Туда нужно было добираться по камням, меж которыми струился один из рукавов нашей реки, а потом шлепать по воде сквозь заросли дикого риса. Зерна риса были совсем спелые и вполне годные в пищу, но мы тут же забыли про это важное открытие, и вот почему: сквозь его стебли на реке мы увидели несущийся по плесу челнок.
Ход челна был подобен режущему движению алмаза по стеклу, и вместе с челноком неслась его отчетливая копия вверх дном. Стоящая в челне во весь рост стройная фигура составляла с ним одно целое. Быстрые повороты челна напоминали нырки стрижа в воздухе — такие же внезапные, вольные, верткие. Иногда челн заслоняли заросли риса. Когда он вынырнул из них, его узкий нос пошел прямо на нас. Вела его девушка: две черных косы, переплетенных алыми лентами, свободно свисали вдоль ее тонкого тела. Одета она была в подобие кофты без рукавов и юбку с пестрым орнаментом по краю. Расчесанные надвое волосы облегали голову иссиня-черным блеском; их удерживала, охватывая смуглый лоб, оранжевая повязка, над которой колыхалось перо цапли. За ухом девушки был заткнут ярко-красный цветок.

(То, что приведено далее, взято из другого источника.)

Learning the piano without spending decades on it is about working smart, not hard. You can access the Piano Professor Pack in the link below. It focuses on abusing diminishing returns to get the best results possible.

Такой мы в первый раз увидели Плывущую Навстречу, дочь свободного племени скуанто Утта-Уну, и такой она останется в моей памяти навсегда. Солнце скользило по ее гладкой, словно лакированной голове, блестящие черные глаза выражали радость движения и свободы, и вся она точно вписана была в картину леса и реки. Мы забыли, зачем нас послали, забыли все на свете, стоя в тяжелых поднятых ботфортах в воде, прикрытые стеблями риса с их серебряными качающимися метелочками, и ружья праздно отягощали наши руки. Утта-Уна, Плывущая Навстречу, летела прямо на нас. Когда до нее осталось не более трех саженей, кто-то из нас большим пальцем руки сделал заученное движение. Раздался сухой звук поднятого курка.

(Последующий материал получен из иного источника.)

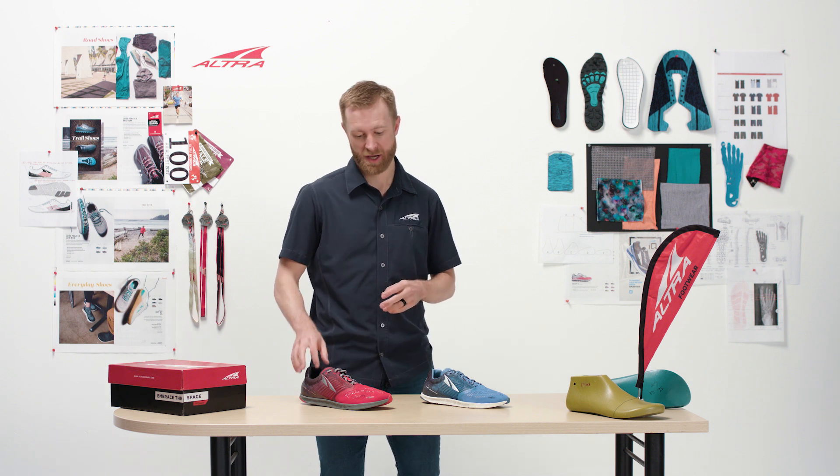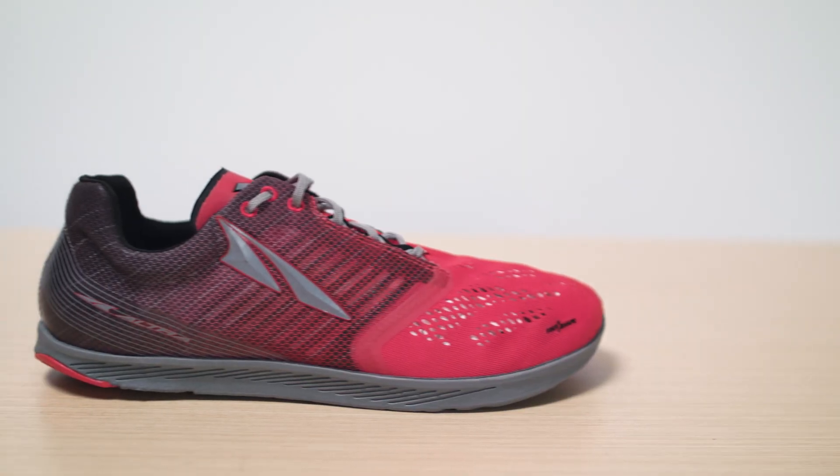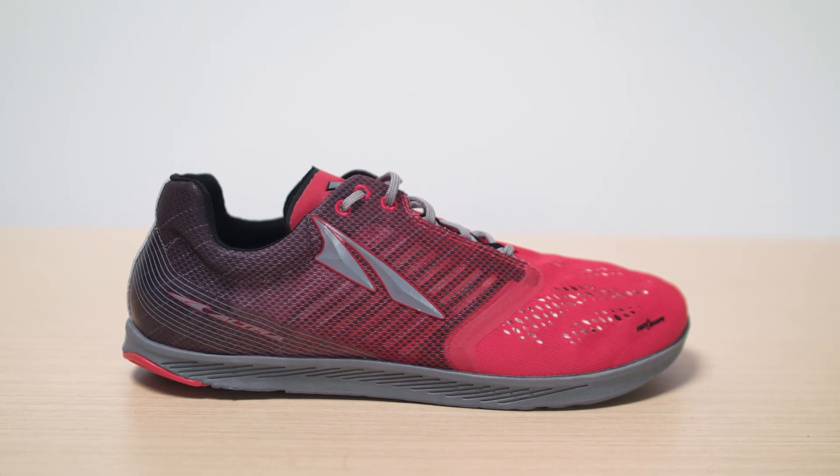It's light, it's fast — 3.9 ounces for a men's nine. Of course, it has Altra's signature zero-drop platform as well as the foot-shaped toe box.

Мгновенным торможением весла Утта-Уна остановила челнок. Все остановилось: и ее руки с веслом, отведенным назад, и ее глаза, и складки одежды, и черные косы, прильнувшие к ним. Челнок повис на воде, чуть покачиваясь вместе со своим отражением; с его высоко поднятого носа на нас смотрел смело и ярко нарисованный синей и белой краской птичий глаз.
— Ты хотеть — скальп — Утта-Уна?
Не могу передать, как поразил меня ее голос, гортанный и певучий. Уже потом дошел смысл ее слов, сказанных по-английски. Мы не шевелились. Она тихонько повела веслом и подплыла ближе.
— Зачем-иенгиз-меня-стрелять?
И засмеялась. Это было подобно тому, как если бы засмеялась вода или солнечная дорожка на ней. В ее смехе не было ни малейшего значения. Он только выражал прозрачную текучесть души.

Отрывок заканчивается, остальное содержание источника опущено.